From 437d4fcc4d2f13d4f227c38375974f68b82349e9 Mon Sep 17 00:00:00 2001
From: Louise Lau <QodeXcli@users.noreply.github.com>
Date: Thu, 25 Jun 2026 22:36:13 +0800
Subject: [PATCH] =?UTF-8?q?feat(context):=20episodic=20memory=20=E2=80=94?=
 =?UTF-8?q?=20recall=20how=20a=20similar=20task=20was=20solved=20before?=
MIME-Version: 1.0
Content-Type: text/plain; charset=UTF-8
Content-Transfer-Encoding: 8bit

Companion to user-preference modeling (#22). Instead of rediscovering a recurring
job, QodeX records a lean episode after each objectively-successful task and, at
the start of a new one, recalls the most SIMILAR past task on this project and
injects a one-line reminder of what worked.

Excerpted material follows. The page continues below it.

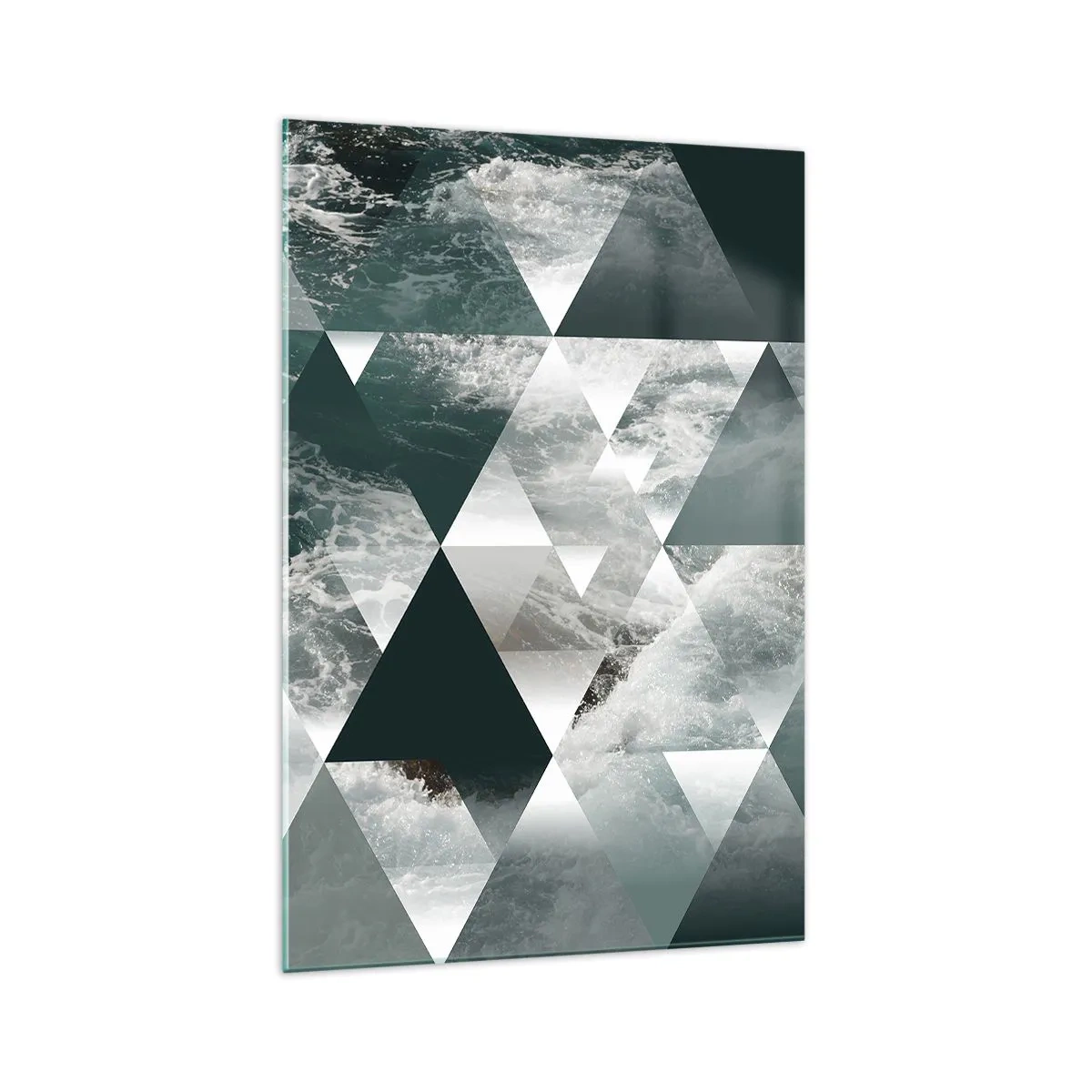 Cuadro sobre vidrio - Impresiones sobre Vidrio - Patrón geométrico con motivo de ondas en tonos verdes. - 70x100cm - Una perspectiva de cristal - Decoración de pared moderna para salón y dormitorio ARTTOR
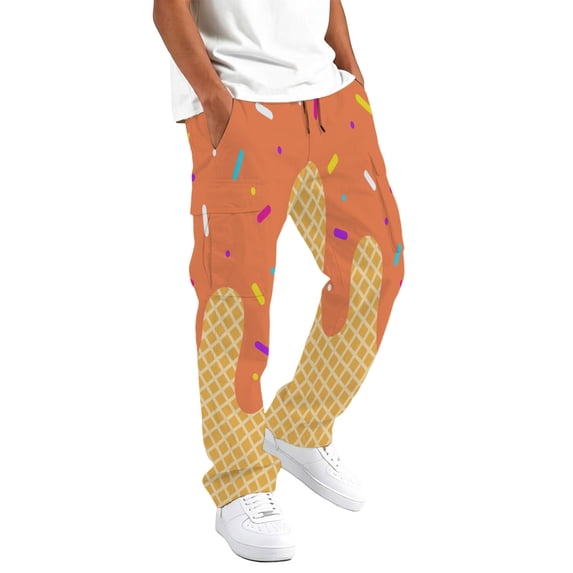 Kids Ice Cream Print Cargo Pants Boys Girls Elastic Waist Drawstring Casual Trousers Lightweight Wide Leg Pocket Pants for Daily Outdoor Streetwear(Multicolour8,15-16 Years)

Off by default
(learning.episodicMemory.enabled).

Clean + lightweight, same discipline as #22:
- src/context/episodic-memory.ts (pure rank + thin I/O): records to
  ~/.qodex/episodes/<project>.jsonl; rankEpisodes scores a query against past
  episodes by lexical TF-cosine (reuses the tested similarity primitives — no
  embedding dependency), excludes near-identical re-runs (score ≥ 0.98), returns
  top-K above a similarity threshold; buildEpisodeBlock renders a concise block.
- SMART, not always-on: an unrelated task injects nothing (below threshold), and
  only a one-line summary is injected, never full transcripts.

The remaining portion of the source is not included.